### Exercise directions:
After finding the line containing "Bistro Table Set" below, please output that line and each following one through the line containing "o środowisko Nestlé", exactly as written.

### Input data:

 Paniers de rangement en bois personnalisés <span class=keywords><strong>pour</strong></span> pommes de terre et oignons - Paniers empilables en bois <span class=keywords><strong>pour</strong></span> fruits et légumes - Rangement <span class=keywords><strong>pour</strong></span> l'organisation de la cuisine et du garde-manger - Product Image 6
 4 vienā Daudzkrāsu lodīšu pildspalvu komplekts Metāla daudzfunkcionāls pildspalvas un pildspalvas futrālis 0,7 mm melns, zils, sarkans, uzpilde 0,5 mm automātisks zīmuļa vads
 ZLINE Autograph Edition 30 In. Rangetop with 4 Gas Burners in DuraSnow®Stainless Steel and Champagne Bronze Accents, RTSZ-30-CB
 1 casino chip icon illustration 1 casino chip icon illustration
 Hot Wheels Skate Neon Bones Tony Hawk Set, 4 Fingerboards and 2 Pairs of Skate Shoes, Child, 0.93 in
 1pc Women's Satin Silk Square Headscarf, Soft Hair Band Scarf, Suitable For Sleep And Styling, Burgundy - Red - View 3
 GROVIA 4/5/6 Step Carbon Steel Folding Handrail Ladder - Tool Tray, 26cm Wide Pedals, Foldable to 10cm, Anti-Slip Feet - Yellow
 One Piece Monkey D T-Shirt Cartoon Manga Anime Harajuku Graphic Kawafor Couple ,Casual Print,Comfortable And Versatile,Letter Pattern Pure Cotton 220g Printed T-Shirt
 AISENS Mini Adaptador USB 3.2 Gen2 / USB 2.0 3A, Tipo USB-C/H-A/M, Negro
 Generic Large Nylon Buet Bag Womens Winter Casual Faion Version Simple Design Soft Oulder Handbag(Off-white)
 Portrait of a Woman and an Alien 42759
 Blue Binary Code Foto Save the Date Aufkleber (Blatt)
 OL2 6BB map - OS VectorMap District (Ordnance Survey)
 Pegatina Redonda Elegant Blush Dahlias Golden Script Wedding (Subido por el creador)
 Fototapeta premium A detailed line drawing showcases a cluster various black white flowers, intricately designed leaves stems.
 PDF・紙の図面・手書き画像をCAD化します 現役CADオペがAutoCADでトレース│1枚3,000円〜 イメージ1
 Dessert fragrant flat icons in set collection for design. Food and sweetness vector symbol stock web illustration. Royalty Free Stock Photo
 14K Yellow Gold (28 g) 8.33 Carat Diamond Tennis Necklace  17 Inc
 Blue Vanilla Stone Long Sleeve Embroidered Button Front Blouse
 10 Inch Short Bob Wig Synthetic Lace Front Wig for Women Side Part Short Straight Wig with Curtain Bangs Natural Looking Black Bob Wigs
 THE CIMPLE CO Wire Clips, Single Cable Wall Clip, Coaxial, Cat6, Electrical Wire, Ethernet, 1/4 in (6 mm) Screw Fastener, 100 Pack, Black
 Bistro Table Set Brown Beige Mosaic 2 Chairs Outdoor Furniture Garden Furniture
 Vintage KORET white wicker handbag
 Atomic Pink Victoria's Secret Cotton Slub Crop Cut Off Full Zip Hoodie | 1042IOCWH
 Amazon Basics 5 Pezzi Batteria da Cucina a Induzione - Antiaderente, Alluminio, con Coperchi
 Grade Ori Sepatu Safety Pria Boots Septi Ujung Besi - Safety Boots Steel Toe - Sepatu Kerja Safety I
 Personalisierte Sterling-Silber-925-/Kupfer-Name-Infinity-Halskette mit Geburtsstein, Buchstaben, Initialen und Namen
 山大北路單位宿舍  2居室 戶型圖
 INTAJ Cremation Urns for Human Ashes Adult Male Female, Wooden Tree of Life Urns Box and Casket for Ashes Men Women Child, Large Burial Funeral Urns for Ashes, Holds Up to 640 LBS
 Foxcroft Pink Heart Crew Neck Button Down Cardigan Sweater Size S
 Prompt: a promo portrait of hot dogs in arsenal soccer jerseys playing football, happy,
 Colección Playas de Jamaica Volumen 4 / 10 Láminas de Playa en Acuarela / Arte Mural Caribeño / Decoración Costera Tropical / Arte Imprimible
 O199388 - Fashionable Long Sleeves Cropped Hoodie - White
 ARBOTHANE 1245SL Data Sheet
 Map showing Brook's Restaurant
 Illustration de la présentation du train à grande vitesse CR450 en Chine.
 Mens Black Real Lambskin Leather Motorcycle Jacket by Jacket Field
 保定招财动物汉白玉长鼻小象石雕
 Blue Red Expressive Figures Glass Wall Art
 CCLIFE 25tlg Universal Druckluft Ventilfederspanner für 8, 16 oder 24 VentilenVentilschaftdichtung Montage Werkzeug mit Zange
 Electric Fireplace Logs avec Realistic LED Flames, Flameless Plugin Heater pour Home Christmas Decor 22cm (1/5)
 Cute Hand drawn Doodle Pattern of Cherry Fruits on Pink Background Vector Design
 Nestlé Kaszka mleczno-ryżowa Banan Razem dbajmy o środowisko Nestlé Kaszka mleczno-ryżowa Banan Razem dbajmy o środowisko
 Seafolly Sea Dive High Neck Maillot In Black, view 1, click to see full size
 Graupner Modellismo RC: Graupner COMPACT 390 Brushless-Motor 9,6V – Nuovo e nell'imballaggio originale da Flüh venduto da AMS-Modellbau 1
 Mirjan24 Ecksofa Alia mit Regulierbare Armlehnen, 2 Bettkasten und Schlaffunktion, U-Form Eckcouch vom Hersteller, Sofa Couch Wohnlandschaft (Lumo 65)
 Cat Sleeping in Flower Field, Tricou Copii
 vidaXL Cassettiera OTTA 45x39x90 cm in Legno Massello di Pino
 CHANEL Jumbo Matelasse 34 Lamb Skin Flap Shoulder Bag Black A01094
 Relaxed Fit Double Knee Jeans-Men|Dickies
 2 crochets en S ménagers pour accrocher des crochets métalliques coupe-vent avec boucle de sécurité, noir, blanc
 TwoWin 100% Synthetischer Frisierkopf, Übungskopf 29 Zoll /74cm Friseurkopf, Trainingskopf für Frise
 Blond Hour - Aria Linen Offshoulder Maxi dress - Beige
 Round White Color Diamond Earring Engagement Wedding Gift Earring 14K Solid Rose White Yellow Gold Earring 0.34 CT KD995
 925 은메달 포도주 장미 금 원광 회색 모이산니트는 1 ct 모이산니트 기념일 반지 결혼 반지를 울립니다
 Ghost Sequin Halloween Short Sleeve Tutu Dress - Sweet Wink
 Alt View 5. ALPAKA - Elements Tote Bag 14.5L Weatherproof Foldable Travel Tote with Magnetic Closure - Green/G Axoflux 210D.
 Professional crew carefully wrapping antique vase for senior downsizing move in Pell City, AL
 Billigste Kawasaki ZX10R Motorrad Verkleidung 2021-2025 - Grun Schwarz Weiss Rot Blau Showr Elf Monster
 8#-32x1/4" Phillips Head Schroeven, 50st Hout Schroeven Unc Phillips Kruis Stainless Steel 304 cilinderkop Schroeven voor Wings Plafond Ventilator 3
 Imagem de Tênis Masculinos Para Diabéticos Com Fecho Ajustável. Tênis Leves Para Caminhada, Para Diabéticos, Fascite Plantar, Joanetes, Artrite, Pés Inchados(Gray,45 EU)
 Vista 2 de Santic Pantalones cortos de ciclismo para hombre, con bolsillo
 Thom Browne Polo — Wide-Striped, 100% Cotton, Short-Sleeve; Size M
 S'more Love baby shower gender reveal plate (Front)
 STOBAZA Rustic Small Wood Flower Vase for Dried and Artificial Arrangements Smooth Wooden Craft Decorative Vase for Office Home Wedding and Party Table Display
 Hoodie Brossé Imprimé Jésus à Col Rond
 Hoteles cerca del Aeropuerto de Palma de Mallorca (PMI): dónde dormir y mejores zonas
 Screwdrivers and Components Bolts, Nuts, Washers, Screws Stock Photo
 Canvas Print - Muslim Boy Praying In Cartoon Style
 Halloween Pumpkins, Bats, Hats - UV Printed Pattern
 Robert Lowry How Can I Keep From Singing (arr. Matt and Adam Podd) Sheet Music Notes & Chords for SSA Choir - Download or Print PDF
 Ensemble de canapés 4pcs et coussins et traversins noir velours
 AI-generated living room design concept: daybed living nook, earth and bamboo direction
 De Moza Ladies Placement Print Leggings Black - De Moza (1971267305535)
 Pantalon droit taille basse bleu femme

### Answer space:
 Bistro Table Set Brown Beige Mosaic 2 Chairs Outdoor Furniture Garden Furniture
 Vintage KORET white wicker handbag
 Atomic Pink Victoria's Secret Cotton Slub Crop Cut Off Full Zip Hoodie | 1042IOCWH
 Amazon Basics 5 Pezzi Batteria da Cucina a Induzione - Antiaderente, Alluminio, con Coperchi
 Grade Ori Sepatu Safety Pria Boots Septi Ujung Besi - Safety Boots Steel Toe - Sepatu Kerja Safety I
 Personalisierte Sterling-Silber-925-/Kupfer-Name-Infinity-Halskette mit Geburtsstein, Buchstaben, Initialen und Namen
 山大北路單位宿舍  2居室 戶型圖
 INTAJ Cremation Urns for Human Ashes Adult Male Female, Wooden Tree of Life Urns Box and Casket for Ashes Men Women Child, Large Burial Funeral Urns for Ashes, Holds Up to 640 LBS
 Foxcroft Pink Heart Crew Neck Button Down Cardigan Sweater Size S
 Prompt: a promo portrait of hot dogs in arsenal soccer jerseys playing football, happy,
 Colección Playas de Jamaica Volumen 4 / 10 Láminas de Playa en Acuarela / Arte Mural Caribeño / Decoración Costera Tropical / Arte Imprimible
 O199388 - Fashionable Long Sleeves Cropped Hoodie - White
 ARBOTHANE 1245SL Data Sheet
 Map showing Brook's Restaurant
 Illustration de la présentation du train à grande vitesse CR450 en Chine.
 Mens Black Real Lambskin Leather Motorcycle Jacket by Jacket Field
 保定招财动物汉白玉长鼻小象石雕
 Blue Red Expressive Figures Glass Wall Art
 CCLIFE 25tlg Universal Druckluft Ventilfederspanner für 8, 16 oder 24 VentilenVentilschaftdichtung Montage Werkzeug mit Zange
 Electric Fireplace Logs avec Realistic LED Flames, Flameless Plugin Heater pour Home Christmas Decor 22cm (1/5)
 Cute Hand drawn Doodle Pattern of Cherry Fruits on Pink Background Vector Design
 Nestlé Kaszka mleczno-ryżowa Banan Razem dbajmy o środowisko Nestlé Kaszka mleczno-ryżowa Banan Razem dbajmy o środowisko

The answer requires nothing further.